The code follows.
struct A {
A() {}
};
struct B {
B() {}
explicit operator A() { return A{}; }
};
struct C {
A a;
C(B b) : a{b} {}
};
I have a struct A
which is not aggregate constructible (because it has a constructor defined). The same goes for struct B
. But it also has an explicit user-defined conversion operator to struct A
. Now struct C
's constructor takes a struct B
, and uses it to construct struct A
. As on cppreference, the conversion operator can participate in direct initialization, which I believe is the case for the member initialization of struct C
. It passes on GCC 5.2 (C++11). But however it fails on Clang 3.6. I tried with C++11, C++14, and C++1z.
If I change a{b}
to a(b)
, it passes on both Clang and GCC.
I wonder if it is a Clang bug or I misunderstood the standard?

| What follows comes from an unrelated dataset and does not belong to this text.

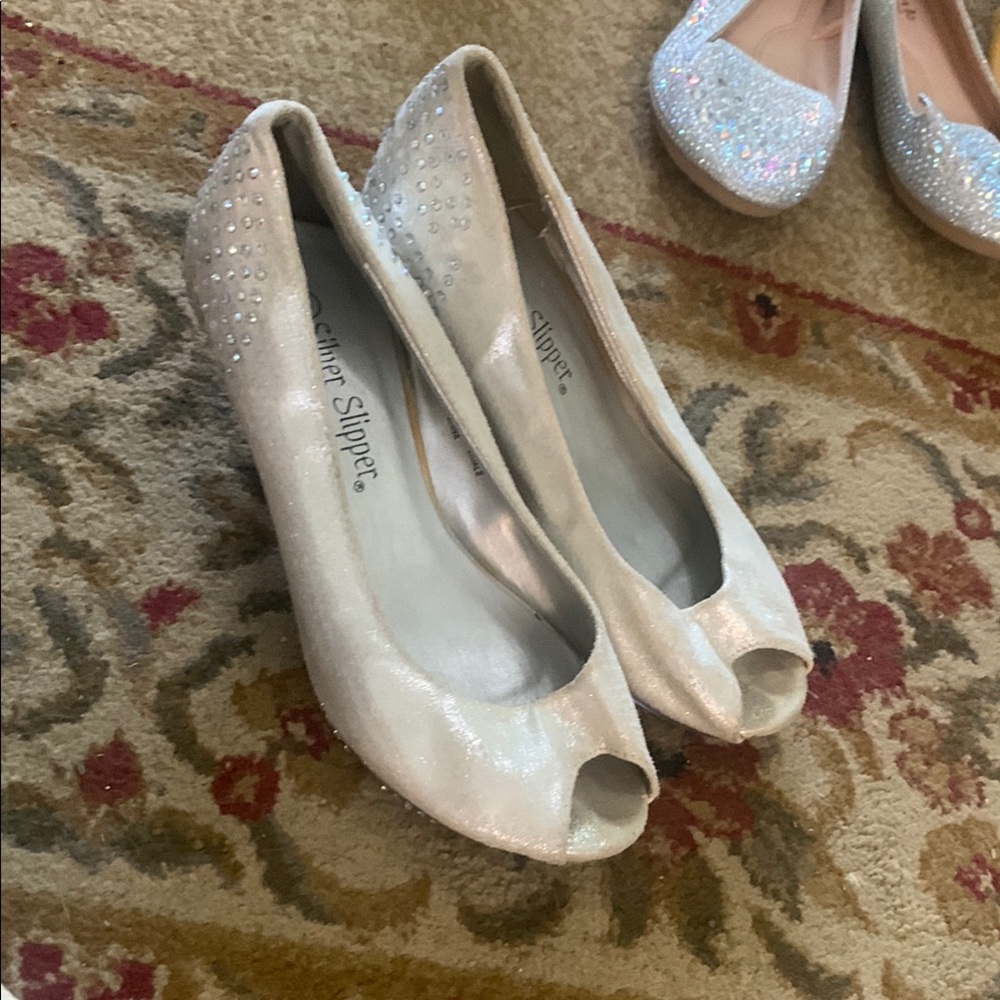 Kid’s White Peep Toe Heels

There have been recent changes in clang due to DR1467 (cfr. 22259)
Recent version of gcc and clang both do the right thing: compile your code without errors.
In the first round of overload resolution for the member initializer list A's constructors are discarded since they're not initializer-list constructors.
Afterwards [over.match.list]/p1 takes over
- If no viable initializer-list constructor is found, overload resolution is performed again, where the candidate functions are all the constructors of the class T and the argument list consists of the elements of the initializer list.
and this time A's constructors are kept into account. A's copy and move constructors have enough arguments to match the overload resolution process and they don't cause any user-defined conversion suppression since 13.3.1.3 and even 13.3.1.7 (still in Clang's code) don't apply to these constructors.
Therefore they're entered in the overload resolution set and [over.best.ics] applies.